I am not a squeamish person, but I had to look away as the announcers, audibly excited at a new development to hype and rehash, replayed the collision in macabre slow motion and dissected it in ever-more-florid language.
Once the initial AUGH and ARGH and DO NOT WANT subsided, however, there emerged a sense of inevitability about this turn of events. We've been lucky with him, and he is, in reality, probably overdue for something like this. Even before today, that seemed to be something the team was acutely aware of, as Bill Belichick seemed to be paying special attention to the quarterback depth chart from the very beginning of the preseason. Until today, it was Brady's right foot that had become, as one of the CBS sportscasters put it, "the most-studied right foot in New England since Curt Schilling in 2004." Almost no one has a career of any length in the NFL without experiencing something like this - and Brady is so long overdue, we were already thinking about it.

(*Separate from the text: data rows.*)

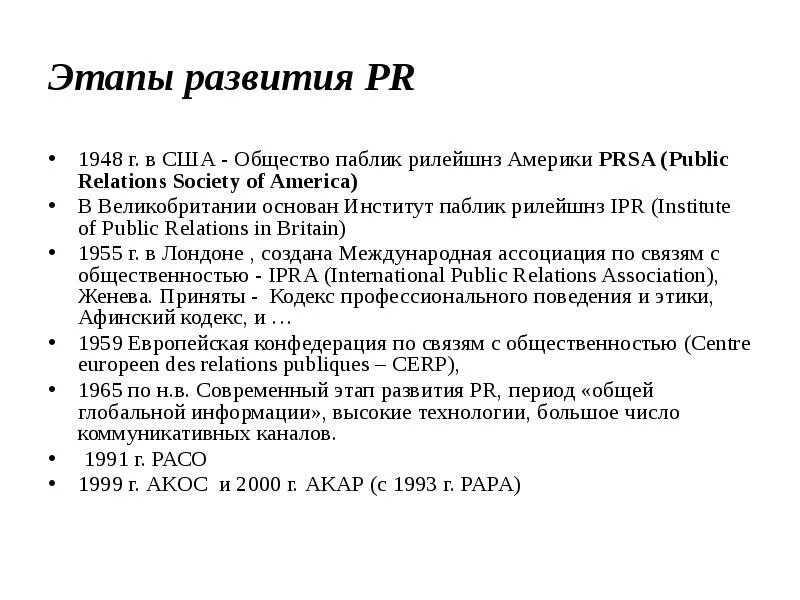 Этапы развития pr. Этапы паблик рилейшнз. развитие pr в сша. где зародилась pr. теоретики пиара.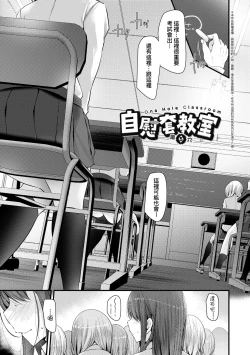 Page 106 of Onaho Kyoushitsu| 自慰套教室 ～女子全員播種計畫～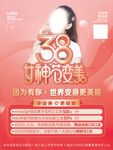 38女神节变美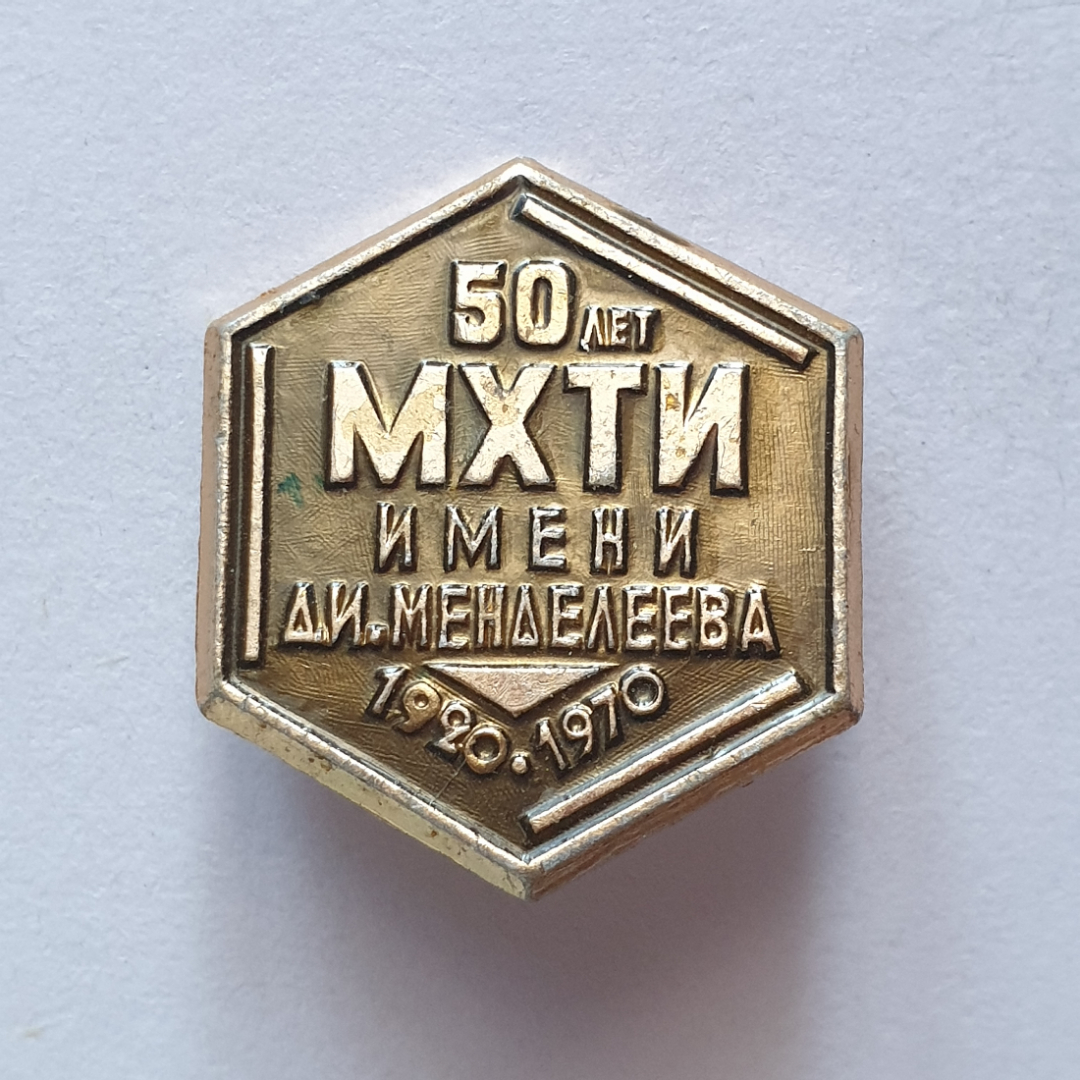 Значок "50 лет МХТИ имени Д.И. Менделеева 1920-1970", СССР. Картинка 1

We've been so blessed over the last six years that it also seems gauche to act like this is the end of the world, especially before we receive any word about the severity of the injury or its long-term implications.
It didn't hurt, either, that Matt Cassel picked today to put it all together. After Brady went down, the second-stringer who'd struggled through the preseason, led the team on his first scoring drive yet, and a 10-play, 98-yard drive at that. In the third quarter, Sammy Morris powered another scoring drive. The defense was also buckling down more effectively than they had in exhibition. There is, after all, more to the team than Brady, more to this team than any one player, and it's important to remember that.
But.
Seeing the numb look in Brady's eyes as trainers inspected his knee, seeing him gathered back up off the field again and helped to limp toward the sideline...watching every snap, crackle, pop and twist on that knee in the slow-motion replays...it's the worst-case scenario for any fan. No matter how many times I watch a guy I've rooted for, grown attached to, laid out on the field, and then helped off it humbled and grimacing in pain, it doesn't get easier to watch. No matter who it is.
And when that guy is your franchise quarterback, you can multiply that feeling by a hundred.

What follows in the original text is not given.